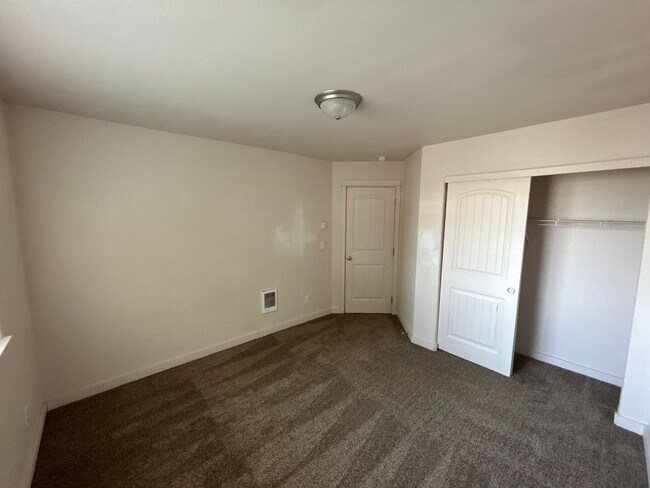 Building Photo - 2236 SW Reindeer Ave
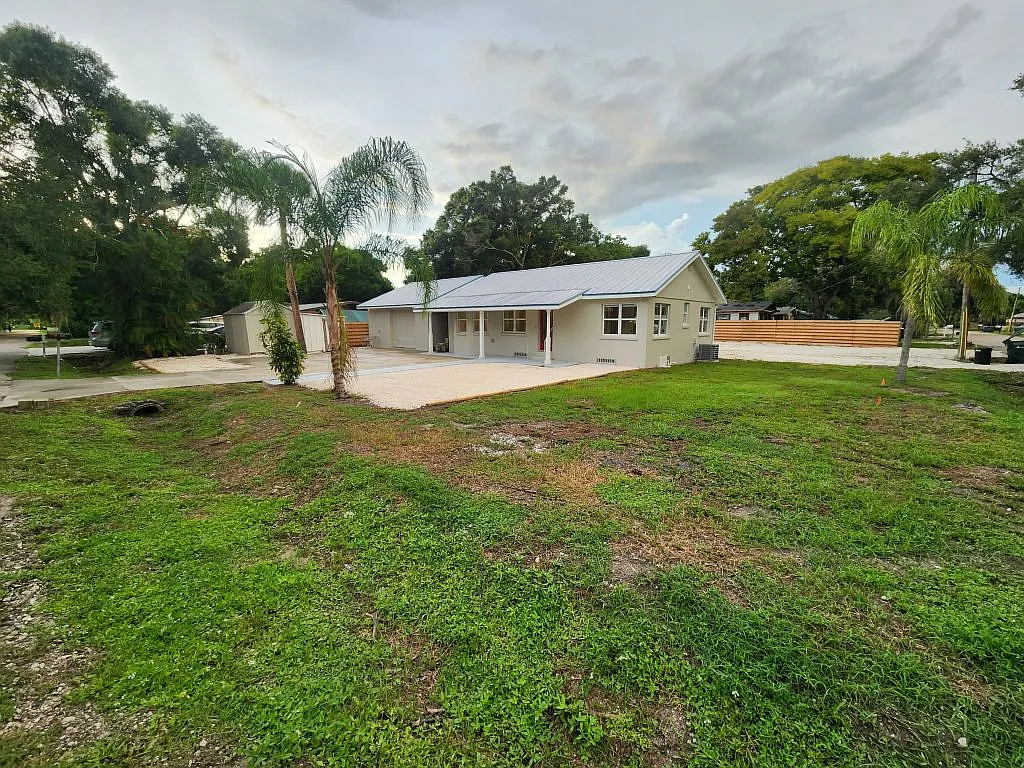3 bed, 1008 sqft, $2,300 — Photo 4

------

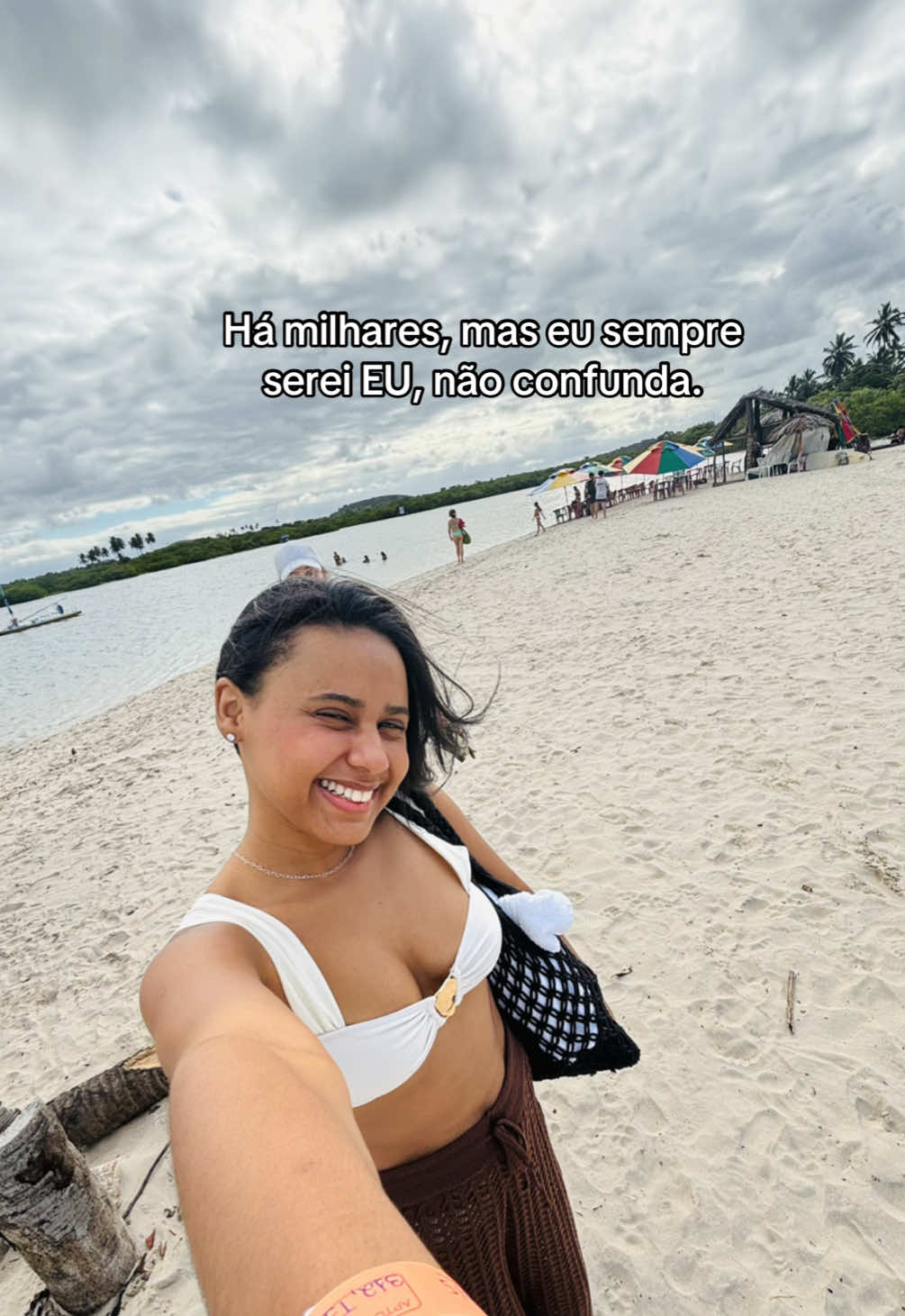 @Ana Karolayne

------

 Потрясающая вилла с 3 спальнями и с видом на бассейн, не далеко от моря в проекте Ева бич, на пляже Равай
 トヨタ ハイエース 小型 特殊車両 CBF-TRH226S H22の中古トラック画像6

------

**WHAT IS NEEDED**
Print the part of the listing above that opens with the line containing "Building Photo - 2236 SW Reindeer Ave" and closes with the line containing "3 bed, 1008 sqft, $2,300 — Photo 4". Copy it exactly, both ends included, and omit the pictures.

**ANSWER TO THE PROBLEM**
 Building Photo - 2236 SW Reindeer Ave
3 bed, 1008 sqft, $2,300 — Photo 4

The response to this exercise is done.